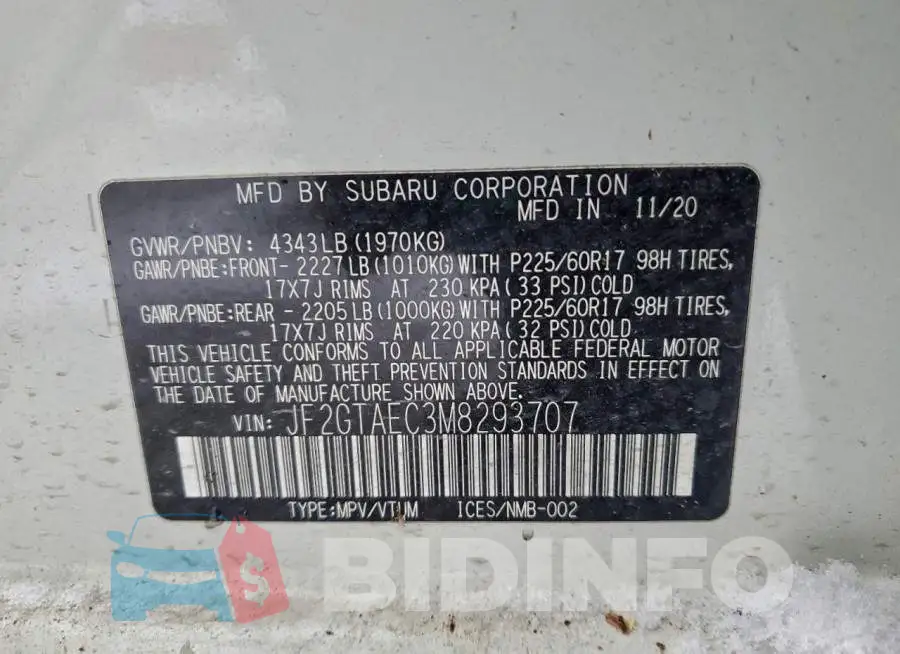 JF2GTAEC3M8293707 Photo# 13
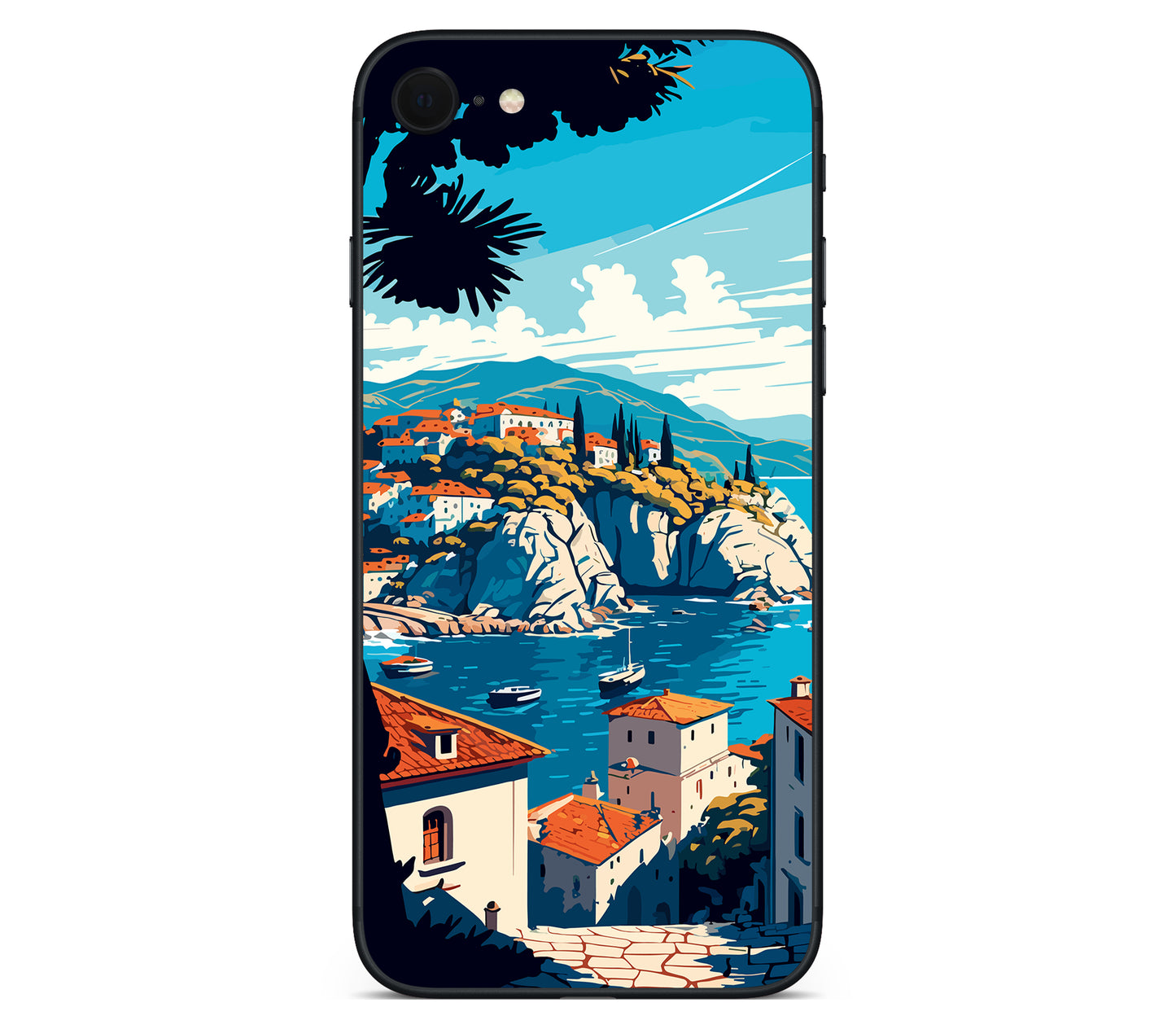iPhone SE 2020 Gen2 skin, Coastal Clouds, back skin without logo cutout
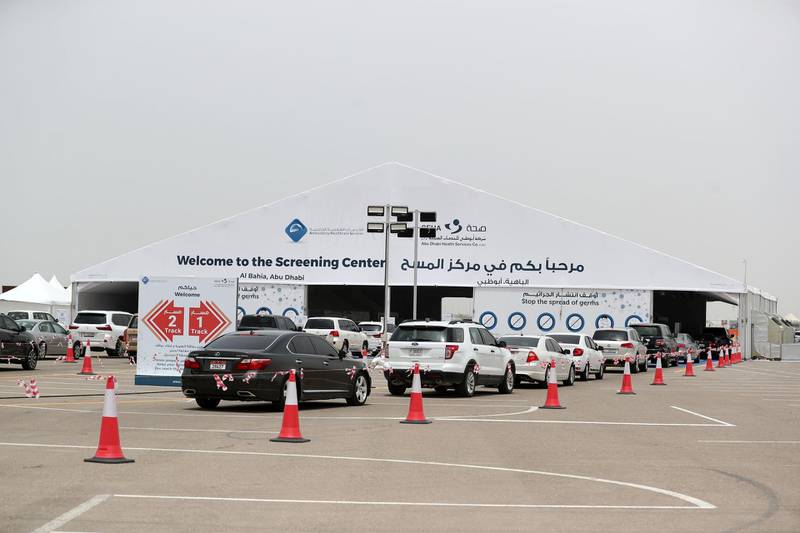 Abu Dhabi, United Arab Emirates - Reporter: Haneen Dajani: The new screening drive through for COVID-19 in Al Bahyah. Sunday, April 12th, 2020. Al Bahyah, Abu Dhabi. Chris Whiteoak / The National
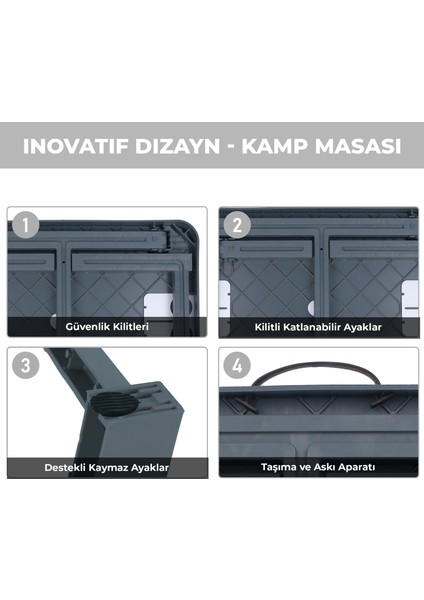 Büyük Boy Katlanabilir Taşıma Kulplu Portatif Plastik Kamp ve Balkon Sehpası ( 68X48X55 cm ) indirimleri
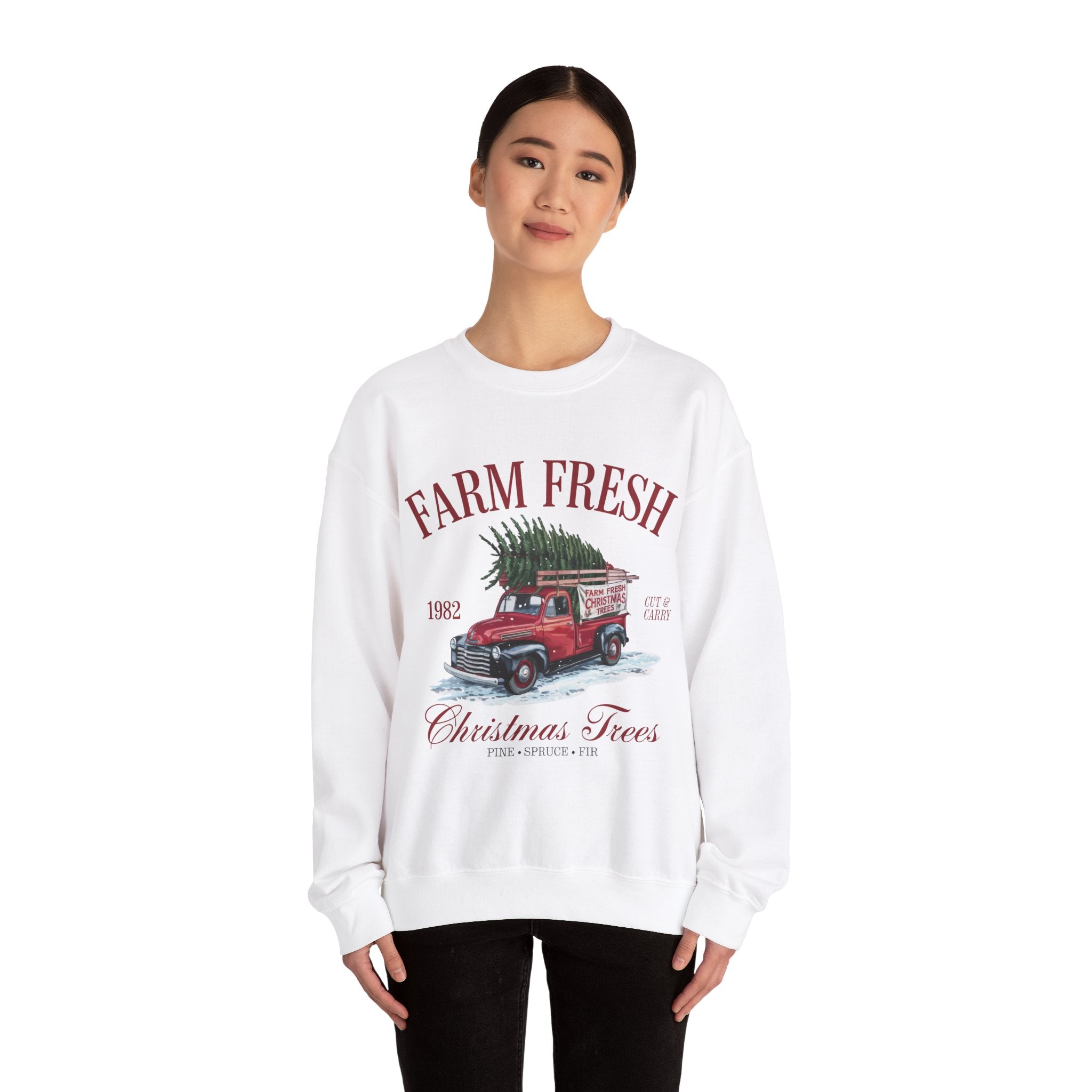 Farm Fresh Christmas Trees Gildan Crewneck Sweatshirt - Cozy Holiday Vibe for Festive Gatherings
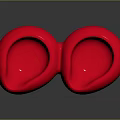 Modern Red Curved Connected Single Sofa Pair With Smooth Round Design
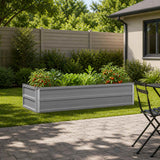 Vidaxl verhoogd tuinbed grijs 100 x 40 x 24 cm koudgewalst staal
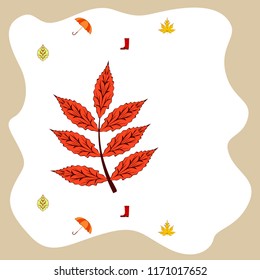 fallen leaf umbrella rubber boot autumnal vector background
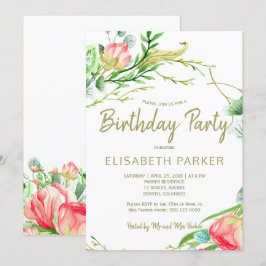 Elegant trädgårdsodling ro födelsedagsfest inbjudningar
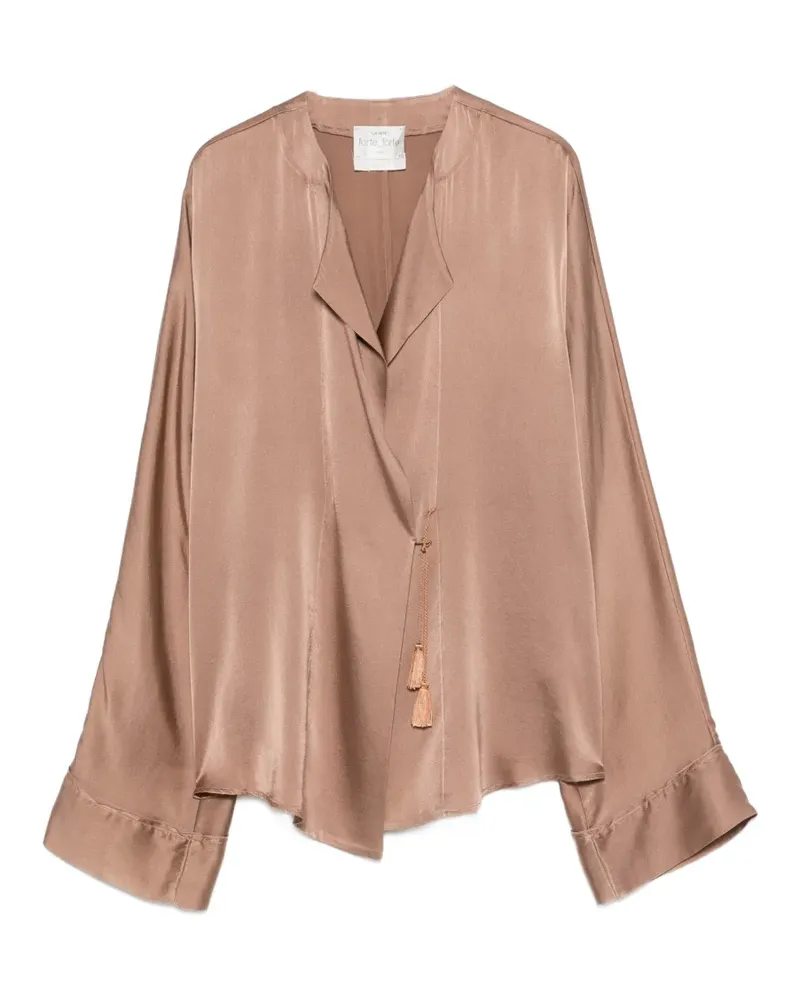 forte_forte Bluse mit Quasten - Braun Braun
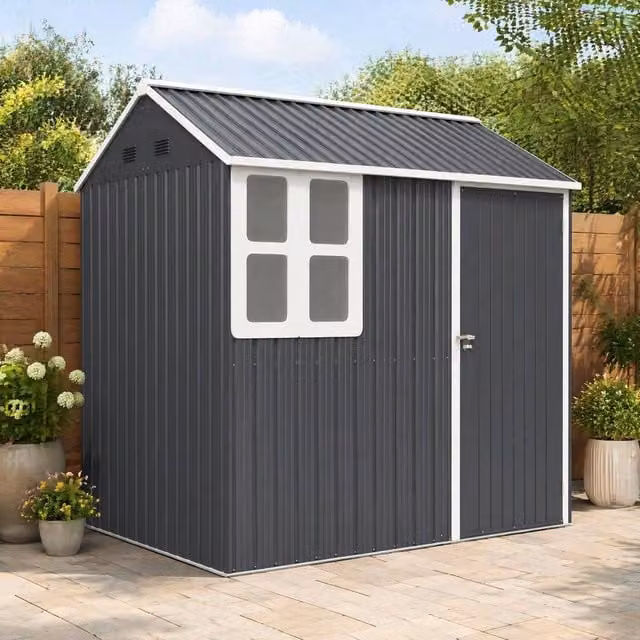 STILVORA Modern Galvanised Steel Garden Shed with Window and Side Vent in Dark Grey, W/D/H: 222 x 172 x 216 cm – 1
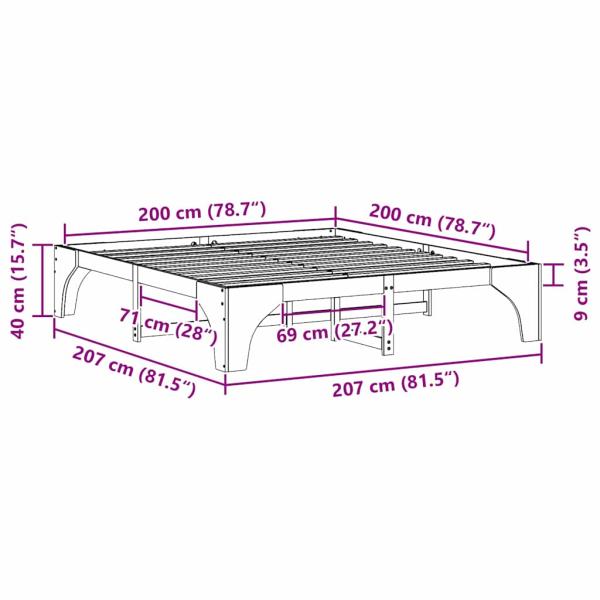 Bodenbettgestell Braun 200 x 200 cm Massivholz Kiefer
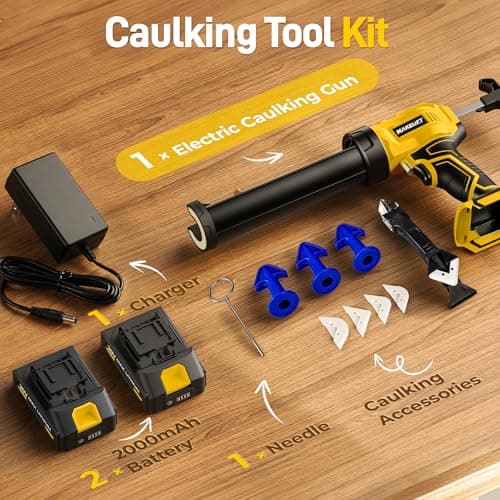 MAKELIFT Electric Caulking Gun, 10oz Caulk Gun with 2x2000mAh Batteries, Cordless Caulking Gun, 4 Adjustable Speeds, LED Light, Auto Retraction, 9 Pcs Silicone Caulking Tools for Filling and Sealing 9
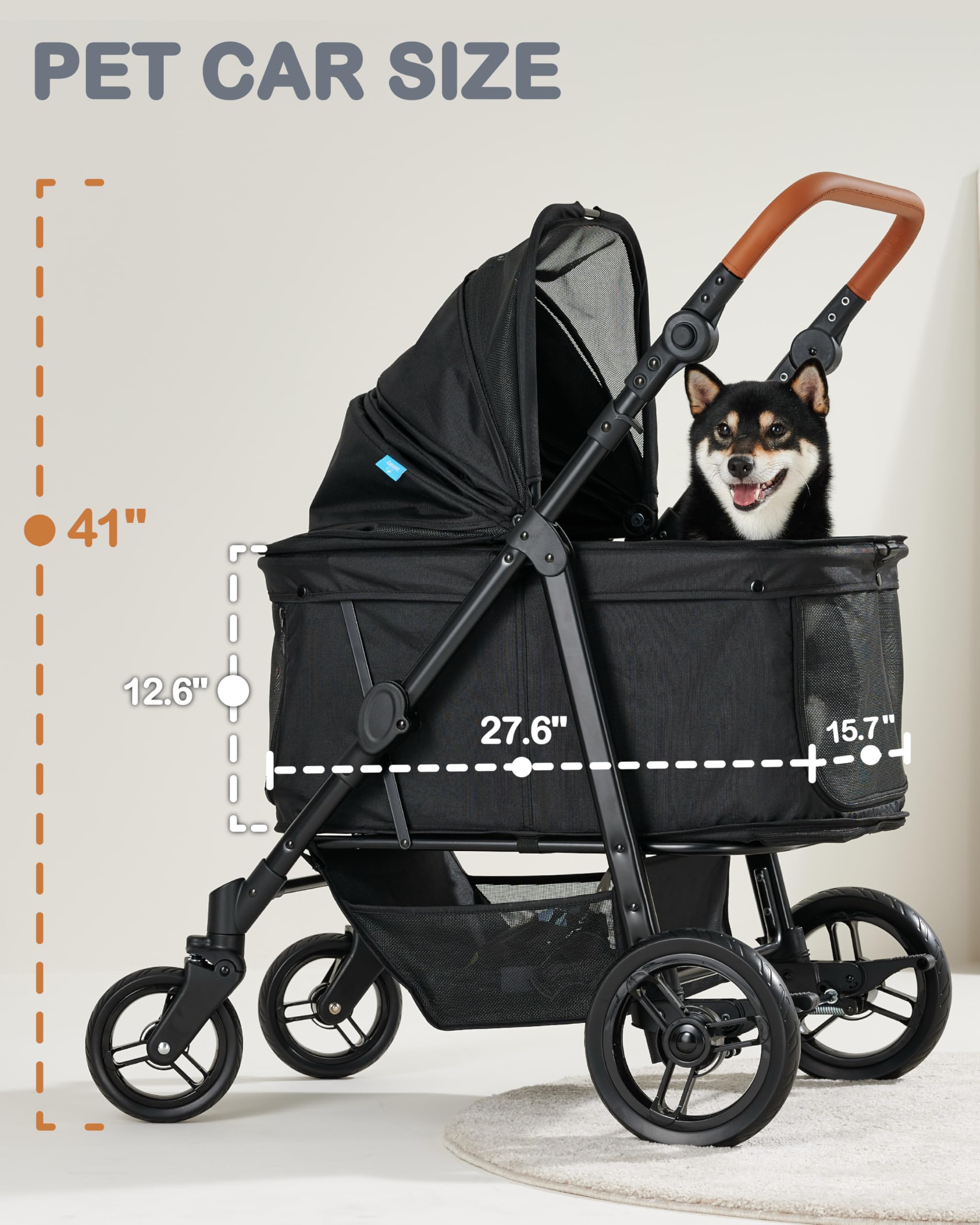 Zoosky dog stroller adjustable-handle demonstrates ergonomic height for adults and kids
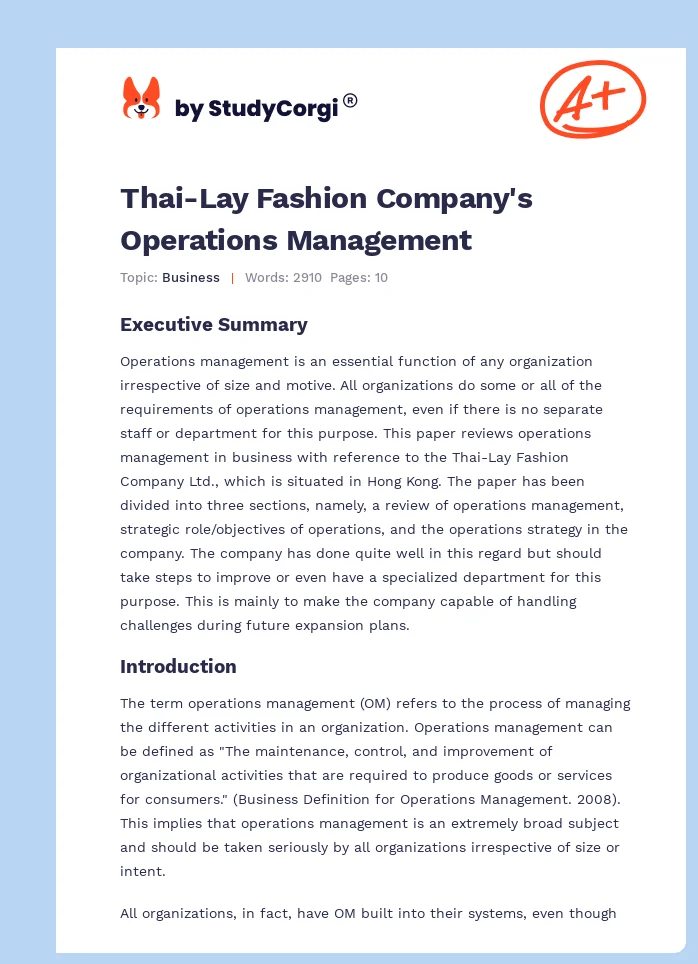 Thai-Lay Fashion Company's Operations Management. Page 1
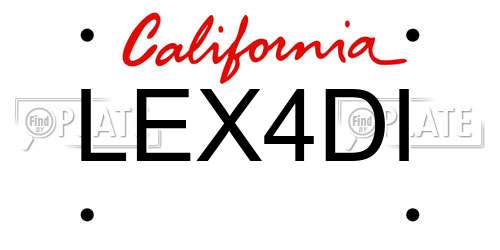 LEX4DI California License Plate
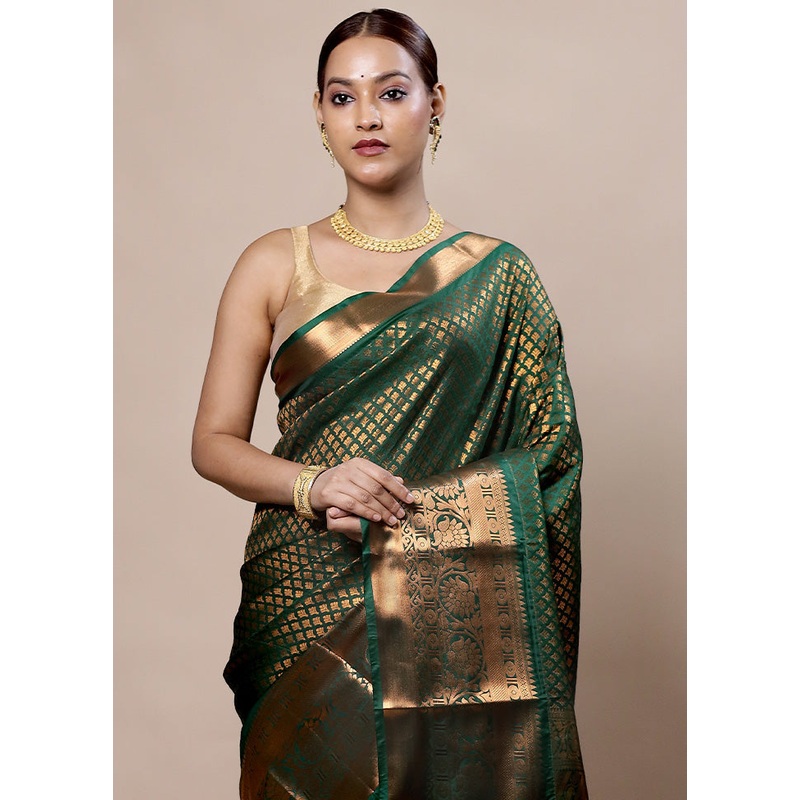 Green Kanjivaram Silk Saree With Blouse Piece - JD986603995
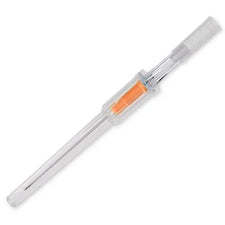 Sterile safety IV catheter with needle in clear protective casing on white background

************

Directions.
A word-for-word copy of every entry, with the pictures left out, is the required answer.

Solved exercise.
 JF2GTAEC3M8293707 Photo# 13
iPhone SE 2020 Gen2 skin, Coastal Clouds, back skin without logo cutout
 Abu Dhabi, United Arab Emirates - Reporter: Haneen Dajani: The new screening drive through for COVID-19 in Al Bahyah. Sunday, April 12th, 2020. Al Bahyah, Abu Dhabi. Chris Whiteoak / The National
 Büyük Boy Katlanabilir Taşıma Kulplu Portatif Plastik Kamp ve Balkon Sehpası ( 68X48X55 cm ) indirimleri
 Farm Fresh Christmas Trees Gildan Crewneck Sweatshirt - Cozy Holiday Vibe for Festive Gatherings
 Modern Red Curved Connected Single Sofa Pair With Smooth Round Design
 Vidaxl verhoogd tuinbed grijs 100 x 40 x 24 cm koudgewalst staal
 fallen leaf umbrella rubber boot autumnal vector background
 Elegant trädgårdsodling ro födelsedagsfest inbjudningar
 forte_forte Bluse mit Quasten - Braun Braun
 STILVORA Modern Galvanised Steel Garden Shed with Window and Side Vent in Dark Grey, W/D/H: 222 x 172 x 216 cm – 1
 Bodenbettgestell Braun 200 x 200 cm Massivholz Kiefer
 MAKELIFT Electric Caulking Gun, 10oz Caulk Gun with 2x2000mAh Batteries, Cordless Caulking Gun, 4 Adjustable Speeds, LED Light, Auto Retraction, 9 Pcs Silicone Caulking Tools for Filling and Sealing 9
 Zoosky dog stroller adjustable-handle demonstrates ergonomic height for adults and kids
 Thai-Lay Fashion Company's Operations Management. Page 1
 LEX4DI California License Plate
 Green Kanjivaram Silk Saree With Blouse Piece - JD986603995
 Sterile safety IV catheter with needle in clear protective casing on white background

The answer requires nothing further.